FIG. 1 illustrates an example utility distribution environment. The utility distribution environment can include a utility grid 100. The utility grid 100 can include an electricity distribution grid with one or more devices, assets, or digital computational devices and systems, such as a data processing system 150. In brief overview, the utility grid 100 includes a power source 101 that can be connected via a subsystem transmission bus 102 and/or via substation transformer 104 to a voltage regulating transformer 106a. The voltage regulating transformer 106a can be controlled by voltage controller 108 with regulator interface 110. Voltage regulating transformer 106a can be optionally coupled on primary distribution circuit 112 via optional distribution transformer 114 to secondary utilization circuits 116 and to one or more electrical or electronic devices 119. Voltage regulating transformer 106a can include multiple tap outputs 106b with each tap output 106b supplying electricity with a different voltage level. The utility grid 100 can include monitoring devices 118a-118n that can be coupled through optional potential transformers 120a-120n to secondary utilization circuits 116. The monitoring or metering devices 118a-118n can detect (e.g., continuously, periodically, based on a time interval, responsive to an event or trigger) measurements and continuous voltage signals of electricity supplied to one or more electrical devices 119 connected to circuit 112 or 116 from a power source 101 coupled to bus 102. A voltage controller 108 can receive, via a communication media 122, measurements obtained by the metering devices 118a-118n, and use the measurements to make a determination regarding a voltage tap settings, and provide an indication to regulator interface 110. The regulator interface can communicate with voltage regulating transformer 106a to adjust an output tap level 106b.

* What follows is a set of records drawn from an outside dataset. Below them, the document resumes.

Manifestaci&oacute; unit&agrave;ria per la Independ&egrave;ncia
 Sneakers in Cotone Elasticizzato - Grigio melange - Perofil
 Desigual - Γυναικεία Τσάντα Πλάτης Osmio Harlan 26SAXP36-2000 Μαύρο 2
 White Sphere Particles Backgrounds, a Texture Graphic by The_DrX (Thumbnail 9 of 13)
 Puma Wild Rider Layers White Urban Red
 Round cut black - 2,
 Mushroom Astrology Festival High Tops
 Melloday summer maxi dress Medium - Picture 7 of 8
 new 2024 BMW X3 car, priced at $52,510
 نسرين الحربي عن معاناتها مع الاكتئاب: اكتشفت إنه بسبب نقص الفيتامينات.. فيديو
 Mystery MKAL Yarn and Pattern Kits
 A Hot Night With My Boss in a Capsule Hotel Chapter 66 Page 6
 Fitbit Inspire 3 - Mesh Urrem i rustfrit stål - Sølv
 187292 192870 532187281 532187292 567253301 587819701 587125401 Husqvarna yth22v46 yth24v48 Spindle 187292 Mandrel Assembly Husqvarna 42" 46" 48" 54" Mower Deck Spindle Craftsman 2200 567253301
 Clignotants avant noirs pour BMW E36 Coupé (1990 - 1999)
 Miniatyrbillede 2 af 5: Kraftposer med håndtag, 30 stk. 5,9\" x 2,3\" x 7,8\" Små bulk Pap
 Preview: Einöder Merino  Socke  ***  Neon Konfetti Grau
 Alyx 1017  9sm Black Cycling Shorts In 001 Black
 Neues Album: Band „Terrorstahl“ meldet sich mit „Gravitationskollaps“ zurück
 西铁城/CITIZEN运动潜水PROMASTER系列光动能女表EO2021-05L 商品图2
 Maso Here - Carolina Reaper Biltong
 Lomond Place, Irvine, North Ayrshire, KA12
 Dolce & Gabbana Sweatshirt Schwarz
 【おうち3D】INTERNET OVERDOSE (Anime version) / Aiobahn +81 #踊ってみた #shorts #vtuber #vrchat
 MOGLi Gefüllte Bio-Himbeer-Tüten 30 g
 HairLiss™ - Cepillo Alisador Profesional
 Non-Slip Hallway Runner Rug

The utility grid 100 can include a power source 101. The power source 101 can include a power plant such as an installation configured to generate electrical power for distribution. The power source 101 can include an engine or other apparatus that generates electrical power. The power source 101 can create electrical power by converting power or energy from one state to another state. In some embodiments, the power source 101 can be referred to or include a power plant, power station, generating station, powerhouse or generating plant. In some embodiments, the power source 101 can include a generator, such as a rotating machine that converts mechanical power into electrical power by creating relative motion between a magnetic field and a conductor. The power source 101 can use one or more energy source to turn the generator including, e.g., fossil fuels such as coal, oil, and natural gas, nuclear power, or cleaner renewable sources such as solar, wind, wave and hydroelectric.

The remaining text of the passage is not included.